##### PROVIDED ENTRIES #####
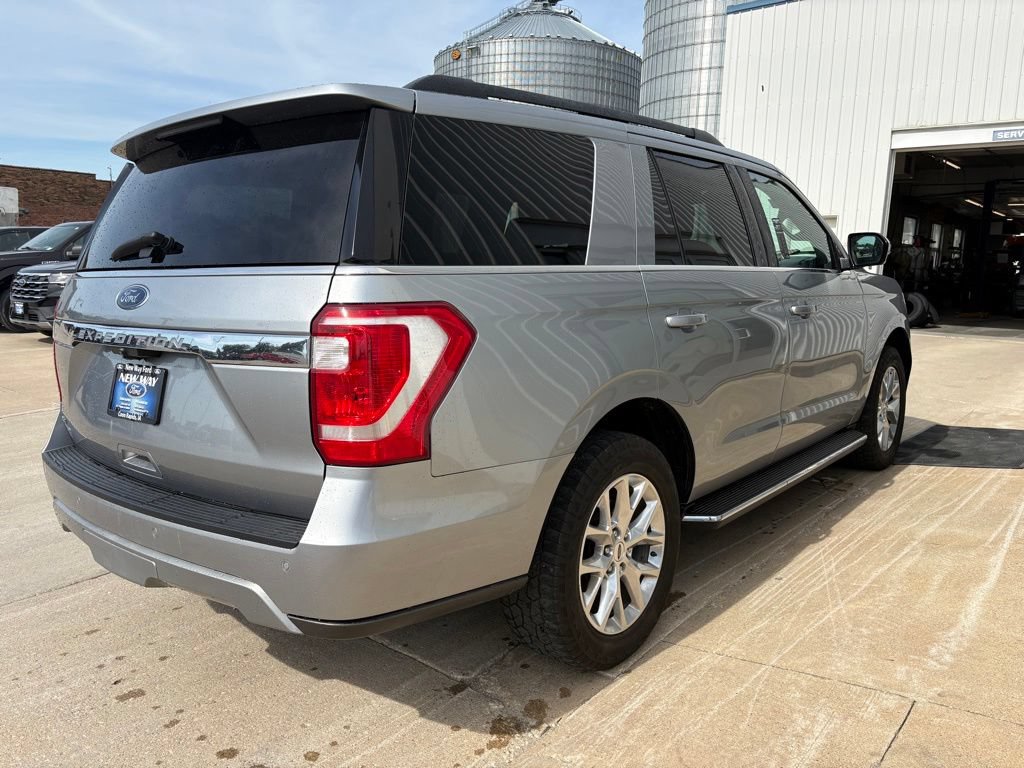 Used 2021 Ford Expedition XLT AWD/4WD image 4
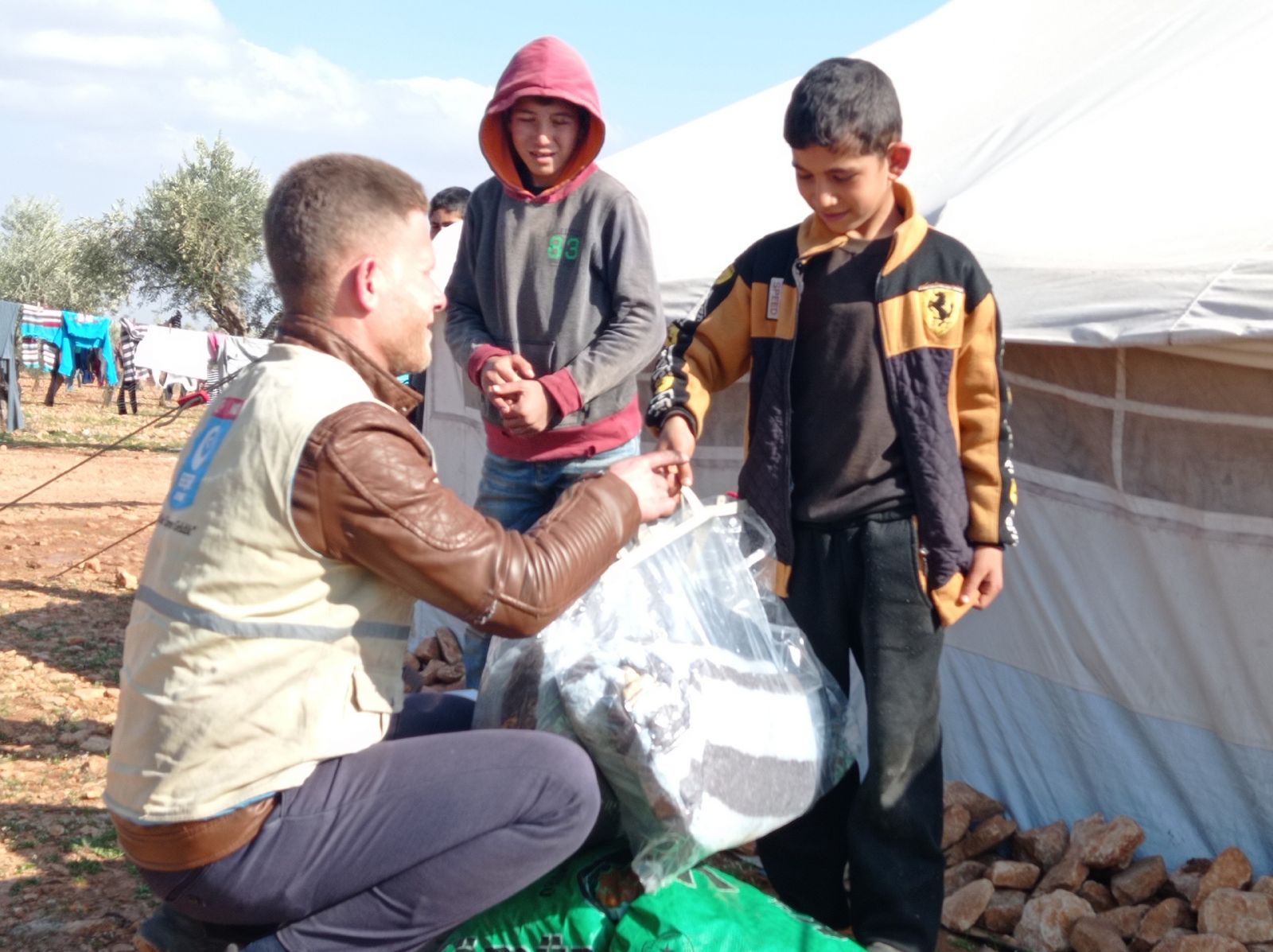 Afrin’de Yakacak, Battaniye ve Gıda Kumanyası Yardımı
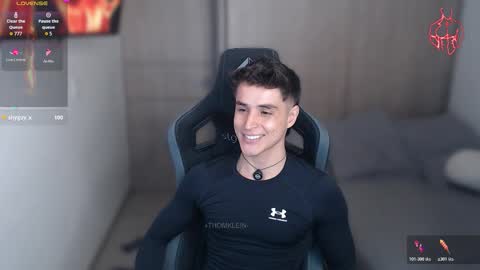 Thom Klein online show from March 4, 7:55 pm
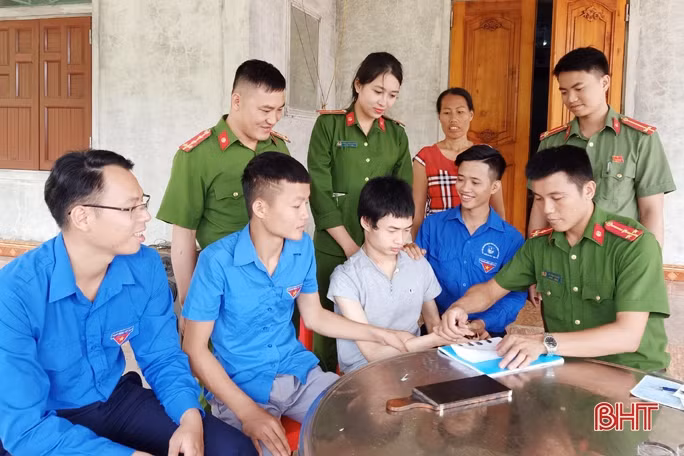 Đến tận nhà làm CMND cho Mẹ Việt Nam Anh hùng ở Hương Sơn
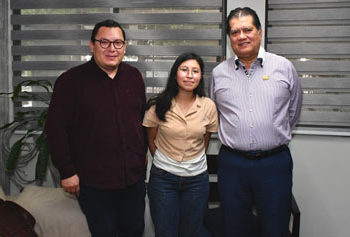 Rector de la UJAT reconoce innovación de alumna de la DAEA ganadora en Feria Científica de Brasil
#####
The data above, line by line: transcribe it exactly and drop the pictures.

** ANSWER BELOW **
 Used 2021 Ford Expedition XLT AWD/4WD image 4
 Afrin’de Yakacak, Battaniye ve Gıda Kumanyası Yardımı
 Thom Klein online show from March 4, 7:55 pm
 Đến tận nhà làm CMND cho Mẹ Việt Nam Anh hùng ở Hương Sơn
 Rector de la UJAT reconoce innovación de alumna de la DAEA ganadora en Feria Científica de Brasil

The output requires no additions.